05 四分五裂
【ラスティル城内/ディアドラ・マードック】
私は走った。
隆斗くんと同じ制服を着た男子生徒が2人、楽しそうに笑みすら浮かべながら追ってくる。
捕まったらどうなるか……簡単に想像できた。
嫌だ。
嫌だ。
助けて、隆斗くん。
無我夢中で逃げていた私は、思わず……。
遮断機が降りた踏み切りへと侵入し、轟音でやっと状況を把握した時は既に遅く……。
隆斗くん、ごめんね。
君の孤独を癒してあげられなかったよ。
あの2人はきっと、私は自殺したと言い張るんだろうね。
私が思い悩んでいたと勘違いした隆斗くんは、きっと苦しむ。
君を余計に苦しませてしまうね。
ごめん、ごめんね……。
*
「ディアドラ! しっかりしなさい!」
姉に頬を叩かれて意識を取り戻した。
「そうだ……今の私は守屋 綾乃じゃない。

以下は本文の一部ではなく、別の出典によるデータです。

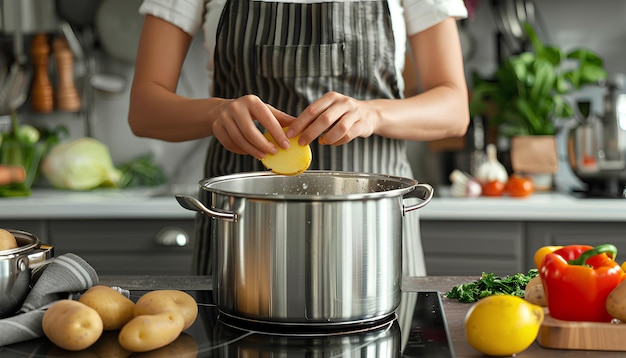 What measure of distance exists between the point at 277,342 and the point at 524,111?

ディアドラ・マードックだ」
「上等。それでこそ私の妹よ」
姉、マドリーンは満足そうに微笑む。
「私は助けを呼んでくるわ。それまで私の大切な子供たちを、ウィリディシアとシルヴェスターを守って」
姉はそう口にすると真っ白な猫の姿になった。
…………猫!?
姉の固有魔法は『案内・誘導』だった。
猫化する固有魔法なんて持っていなかった筈。
それなのに、猫となった姉は、颯爽とリッジウェイ家の離れの窓から外へと飛び出して行った。
後から聞いた話によると、姉の前世は猫だったらしい。
キリエという名の白猫で、薬剤師の女性に飼われていたが、彼女の死後は知人男性が里親となり、彼の元で天寿を全うしたという。
『リッジウェイの惨劇』で前世を思い出して以降、姉はもうひとつの固有魔法『獣化』を手に入れた。
『獣化』と言っても猫限定だ。
そして姉はあまりその固有魔法を使いたがらなかった。
特に、ナイジェル様とウィリディシアちゃんの前では。
*
夫とセオドア陛下が転移した後、私は仕掛けを作動させてセオドア陛下の私室に戻り、廊下へと出た。
そこには……。
「姉……さん?」
ボロボロの白い猫が転がっていた。
私は慌てて猫を抱き抱え、セオドア様の自室に戻る。
鍵を掛けて、白い猫へと必死に呼び掛けた。
「姉さん! 姉さん、起きて!」
ピクリ。
白い猫が身じろぎすると、人間の女性の姿へと変わる。
「姉さん!!」
「ディアドラ、良かった……無事だったのね」
姉はどう見ても無事じゃない。
今会話出来ているのが奇跡だ。
ピンコット家に駆け込んでも間に合わない。
「ディアドラ、よく聞いて。ナイジェルとアデルが死んだわ」
私は息を呑む。
「シェリルは玉座を手に入れた。ナイジェルの、アッシュフィールドのオーブもあの子の手の中……彼も陛下と一緒に逃がすべきだったわね」
オーブがシェリルの手に渡るとわかっていても、ナイジェル様は姉を置いて逃げることはないだろう。
その言葉を、私は飲み込む。
「ディアドラ、お願いがあるの」
私の涙が姉の頬を濡らす。
「もし、ウィリディシアに……樹理に会ったら、キリエが謝っていたと」
「…………」
「ナイジェルを……式睦を奪ってごめんね……って」
姉さんが私の涙を拭う。
「貴女にも……ごめんなさい、ディアドラ。コーネリアが逝ってしまったから……貴女を、ひとりには…………」
「姉さん!!」
姉さん。
私。
妹のコーネリア。
仲の良い三姉妹だったと思う。
姉がアッシュフィールド家へ、私がマードック家に嫁いで、コーネリアはリッジウェイ家に残り、『始まりの四家』とは別の貴族の子息を婿養子に迎えた。
『リッジウェイの惨劇』でコーネリアを亡くし、姉は私が寂しくないように、度々城まで足を運んで様子を見に来てくれていた。
大好きな、姉だった。
「姉……さん…………」
涙を拭ってくれていた姉さんの手がパタリと落ち……。
「嫌だよ……姉さん、、」
動かなく、なった。
「姉さん、逝かないで…………」
涙が止まらない。
私はフィニスが傍らに立っていることにも気づかずに、暫くの間姉の身体を抱き締めて泣いていた。